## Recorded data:

● ● ● ● ● ● ●

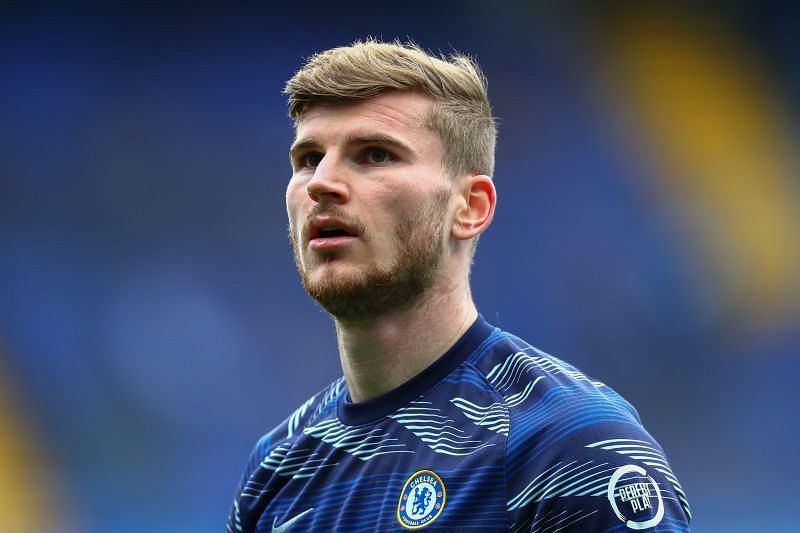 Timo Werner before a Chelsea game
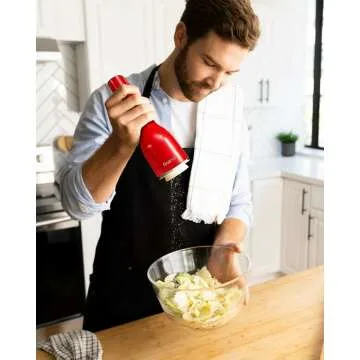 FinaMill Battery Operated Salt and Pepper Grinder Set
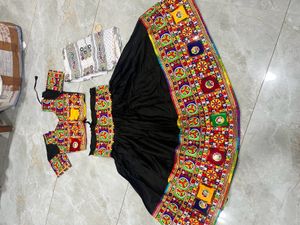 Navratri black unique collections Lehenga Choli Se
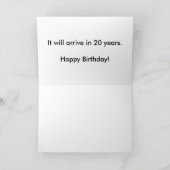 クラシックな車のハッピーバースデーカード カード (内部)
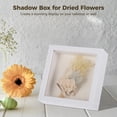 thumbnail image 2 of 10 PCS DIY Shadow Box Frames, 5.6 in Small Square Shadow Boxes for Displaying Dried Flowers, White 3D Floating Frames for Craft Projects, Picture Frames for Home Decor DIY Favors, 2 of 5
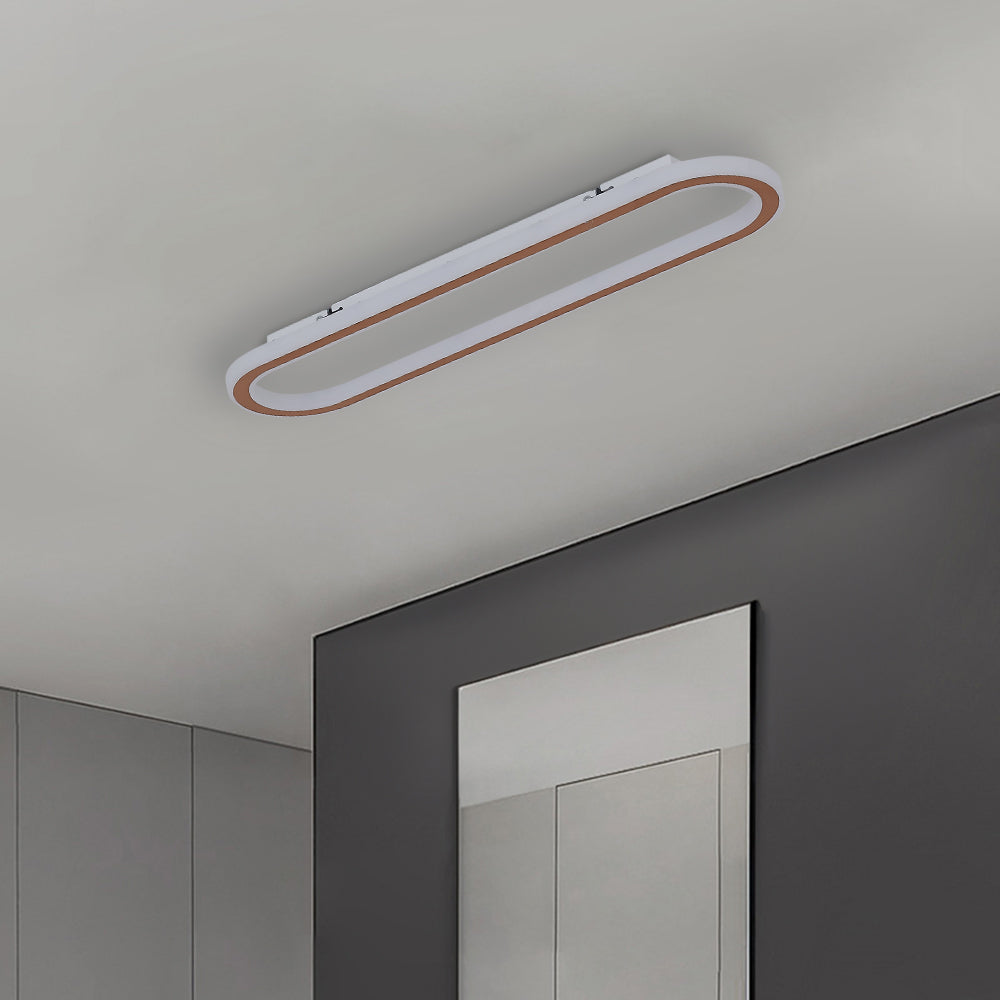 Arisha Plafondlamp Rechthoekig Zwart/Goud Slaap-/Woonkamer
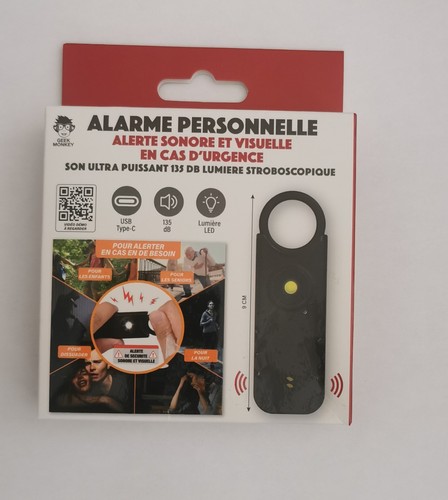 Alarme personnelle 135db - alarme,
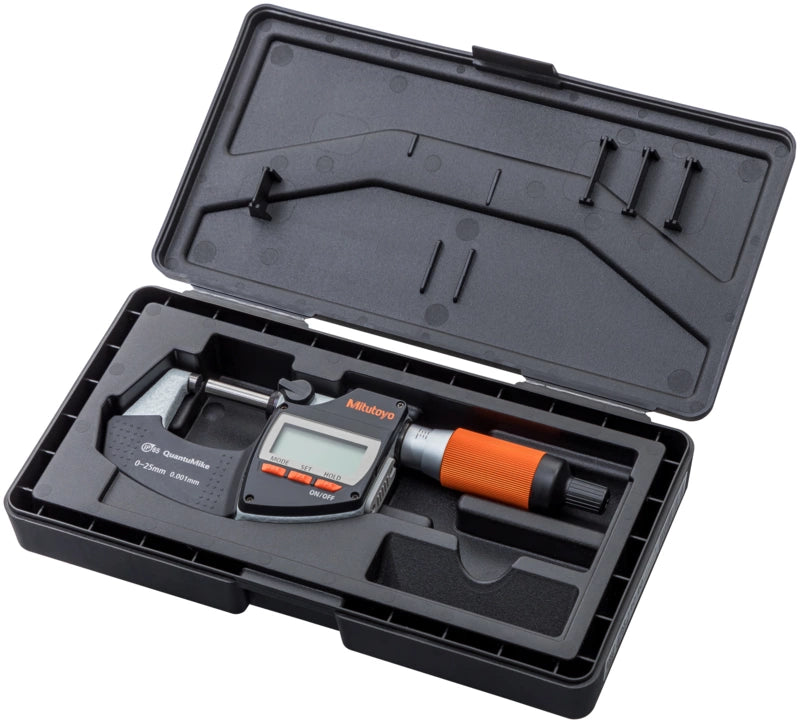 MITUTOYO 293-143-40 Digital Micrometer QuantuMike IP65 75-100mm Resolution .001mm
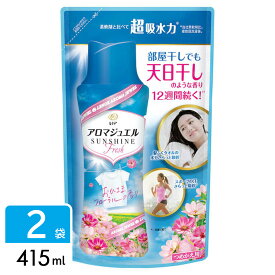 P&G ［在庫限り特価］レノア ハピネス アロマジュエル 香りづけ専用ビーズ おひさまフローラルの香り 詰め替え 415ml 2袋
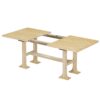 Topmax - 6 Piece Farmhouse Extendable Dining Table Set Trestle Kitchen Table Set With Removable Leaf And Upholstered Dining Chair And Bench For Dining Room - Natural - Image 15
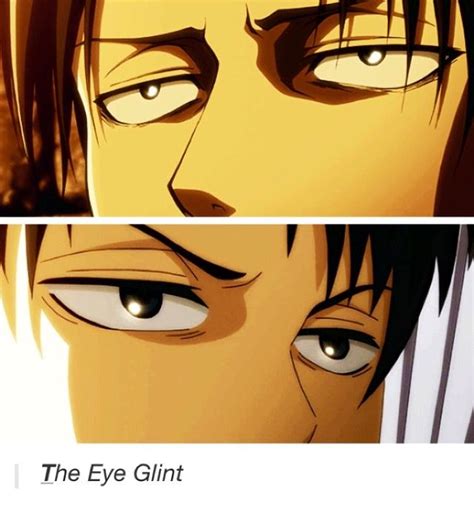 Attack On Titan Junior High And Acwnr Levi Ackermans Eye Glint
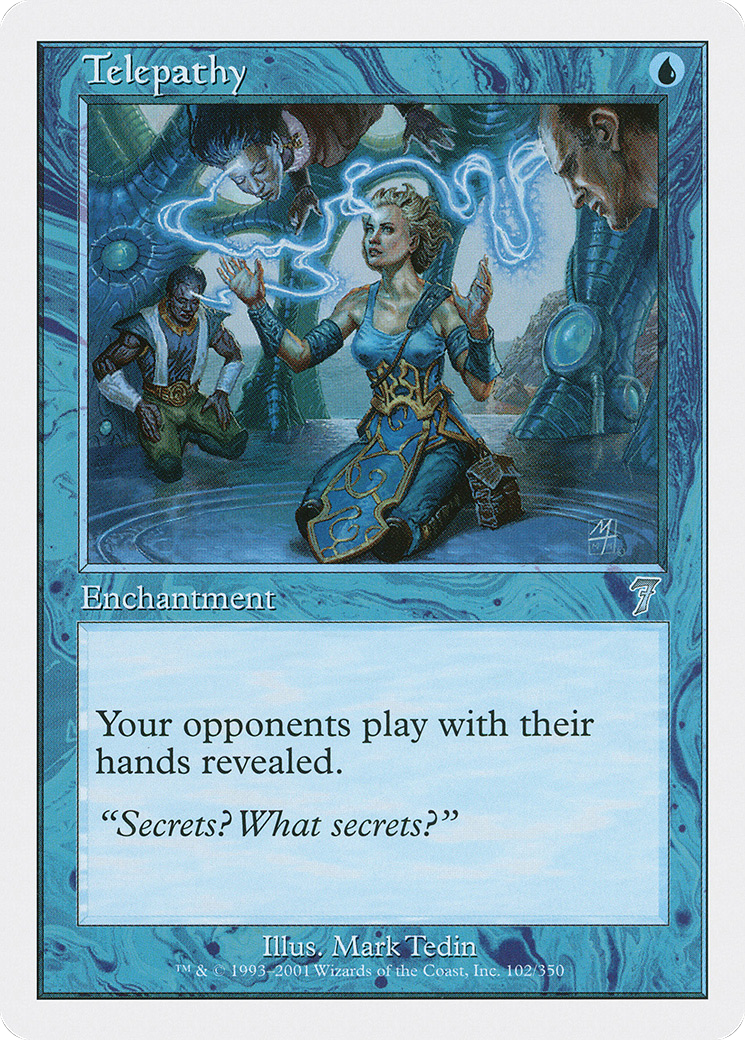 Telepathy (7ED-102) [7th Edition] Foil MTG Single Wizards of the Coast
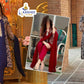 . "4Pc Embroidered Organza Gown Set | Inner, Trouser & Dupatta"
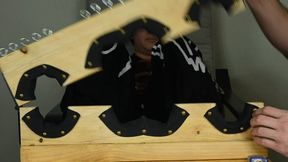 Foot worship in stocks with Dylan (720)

● ● ● ● ● ● ●

While skipping the pictures, transcribe the data above from the line showing "thumbnail image 2" through the line showing "MITUTOYO 293-143-40 Digital", exactly and with both ends.

 thumbnail image 2 of 10 PCS DIY Shadow Box Frames, 5.6 in Small Square Shadow Boxes for Displaying Dried Flowers, White 3D Floating Frames for Craft Projects, Picture Frames for Home Decor DIY Favors, 2 of 5
 Arisha Plafondlamp Rechthoekig Zwart/Goud Slaap-/Woonkamer
 Alarme personnelle 135db - alarme,
 MITUTOYO 293-143-40 Digital Micrometer QuantuMike IP65 75-100mm Resolution .001mm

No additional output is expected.